PARTİDE DEMOKRASİ İSTEDİ

“1977 yılından bu yana Eskişehir’de siyaset yapıyorum. Siyaset yapan insanların da doğal olarak hedefi oluyor. Ama biz hep demokrasi anlayışını ön plana çıkarttık. Parti içerisinde de demokrasi olması bizim önceliğimizdir. Benim siyaset yaptığım parti bilindiği üzere CHP. Ben hayatım boyunca hep solda bir duruş sergilemiş insanım. Tabii ülkede demokrasi isterken, partide de demokrasi istemek gayet doğaldır diye düşünüyorum. Umut ederim ki böyle bir süreç yaşanır.

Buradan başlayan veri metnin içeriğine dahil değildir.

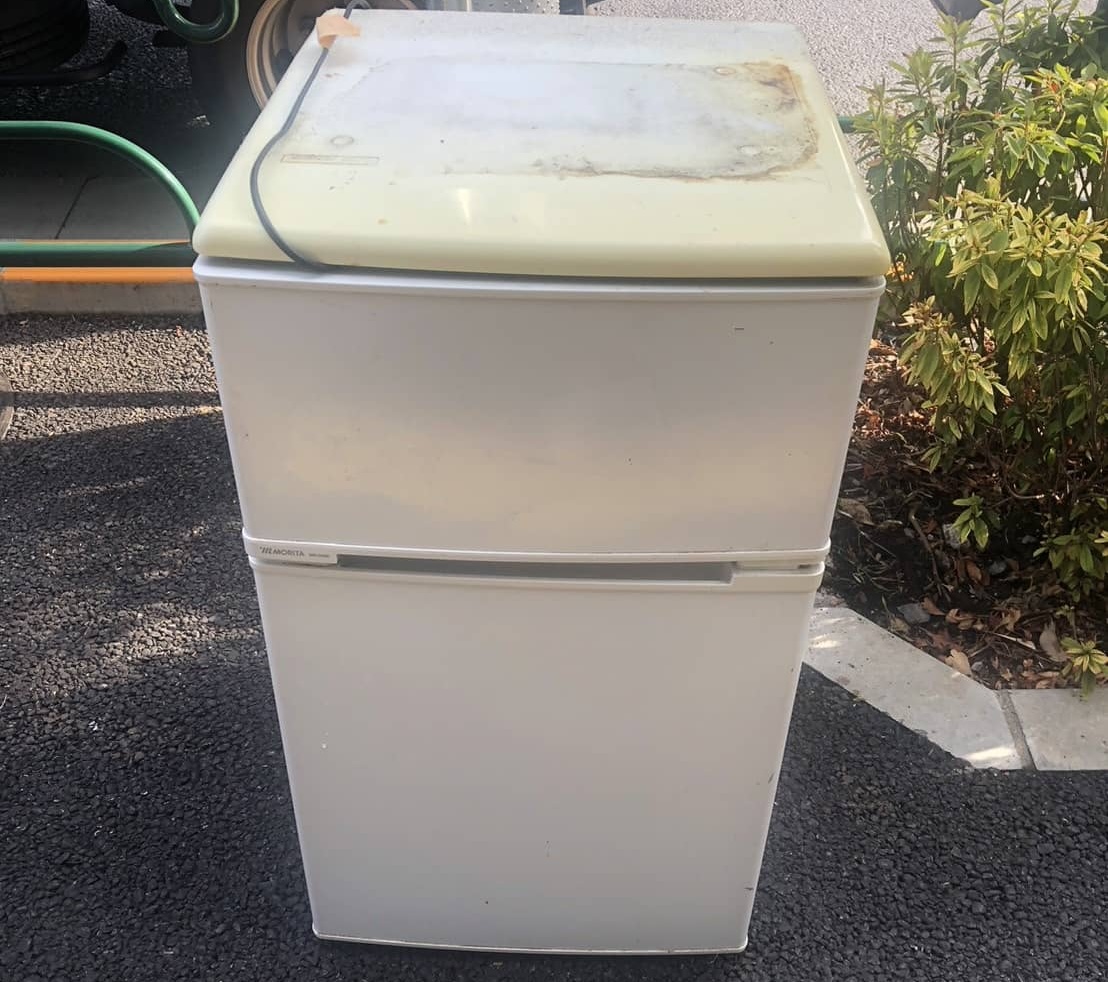 搬出を始める前の状態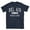 Navy, variant on Bel Air Maryland Classic Established Men's Cotton T-Shirt
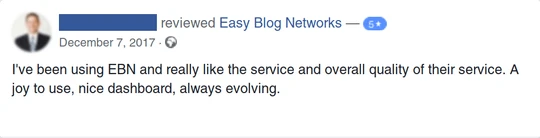 Facebook review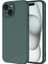 iPhone 15 Plus Kılıf Içi Telefonu Çizmeyen Kadife Kaplı Dışı Soft Yapılı Esnek Lansman Kapak Ryc/mara 1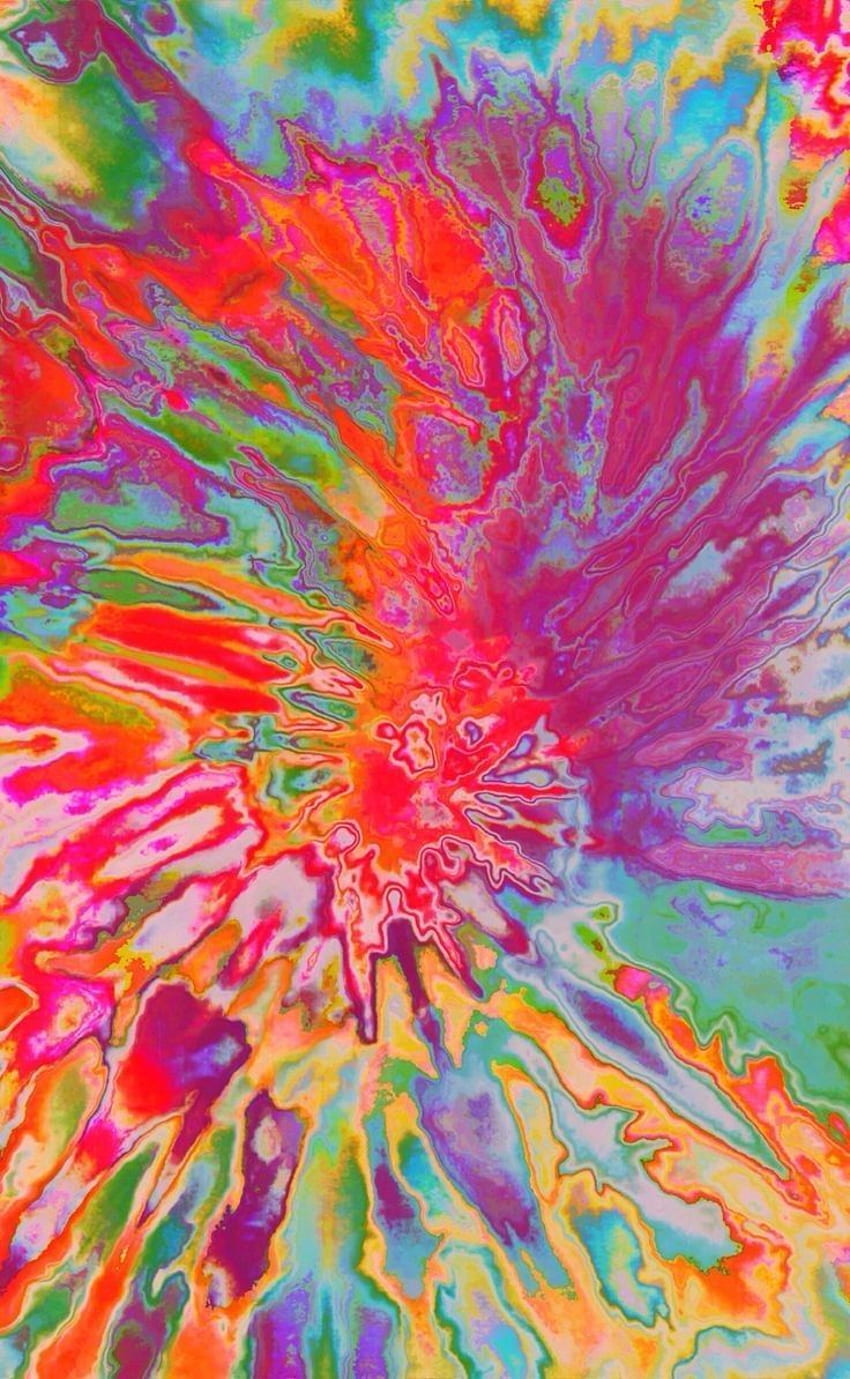 Meg Haskell on Background. Hippie , Trippy , Tie dye HD phone wallpaper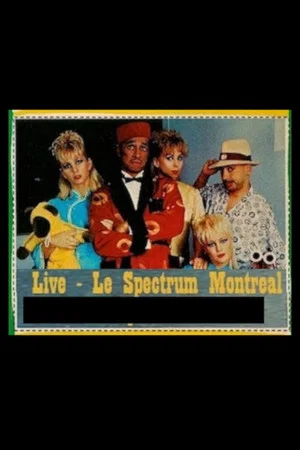 Постер: Kid Creole and the Coconuts: Live in Montreal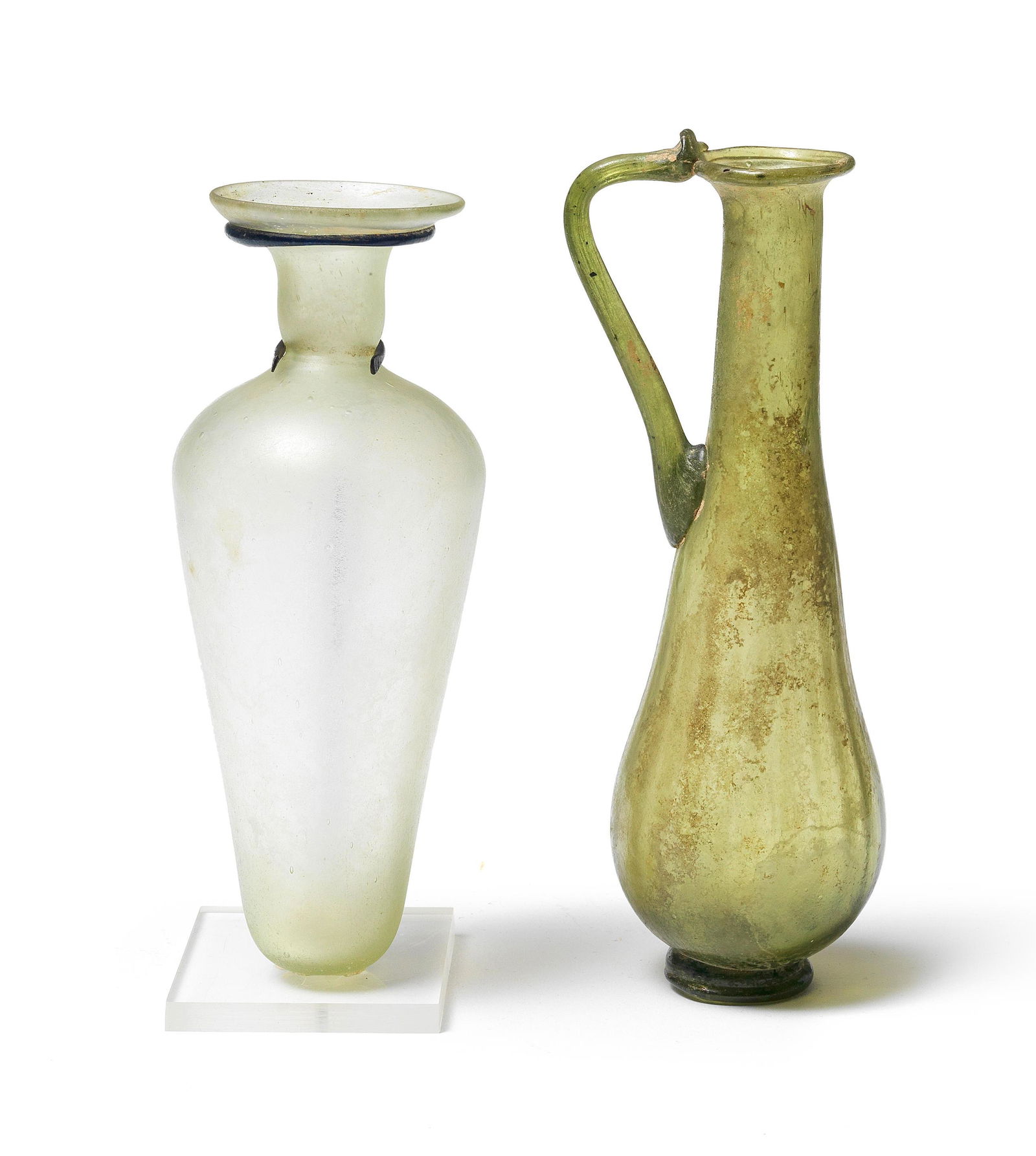 Two Roman glass vessels  2 (1 of 1)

BELEDİYE BAŞKANLIĞI HEDEFİ DEVAM EDİYOR

Herkes biliyor ki benim yerel yönetimlere dönük hedef ve iddialarım var. Kentte yaşama geçen birçok projede emeğim var. Solcuysanız ve demokratsanız, solcuyum diyorsanız örgütünüze ve halka güveneceksiniz. Ve kendinize güveneceksiniz. Hayat boyu hep bu şiarla yaşadım. Ben solcuyum, devrimci bir gelenekten geliyorum, demokrat bir yapım var ve bunu Eskişehir’de herkes biliyor. Benim MHP’li arkadaşlarla da aram iyidir, AK Partili arkadaşlarla da aram iyidir, onlar benim siyasi geçmişimi ve duruşumu bilirler. Önemli olan bu kentte yaşayan herkesi kucaklayabilmek.

CHP’DE SÖZ ÖRGÜTÜN OLSUN!

Solcuların da demokratların da kente ve halka karşı sorumlulukları var. Biz o bilinçle siyaset yapmaya çalıştık. Eskişehir halkı herkesi biliyor. Gün neyi getirir bilemem ama demokrasinin olduğu yerde biz yarışmayı hep sevmişizdir. Demokrasi neredeyse biz orada oluruz. Hani iktidar hep diyor ya ‘yeter söz milletin’ diye. Biraz da yeter artık CHP’de söz örgütün olsun. Böyle bir anlayışım var. İnşallah partide demokrasi egemen olur. Partiden önce ülke öyle bir noktada ki artık hukuk, adalet ve demokrasinin egemen olması gerekiyor. Geldiğimiz noktada çağdaş ve aydınlık bir Türkiye yaratmak bizim temel görevimiz.”

*

Erman Gölet’in ifadeleri oldukça net. CHP içerisinde demokrasi istiyor. Demokrasinin olduğu yerde yarışmayı tercih ediyor. Buradan da, partide demokrasi işlediği anda belediye başkanı olma hedefi için harekete geçeceği anlaşılıyor.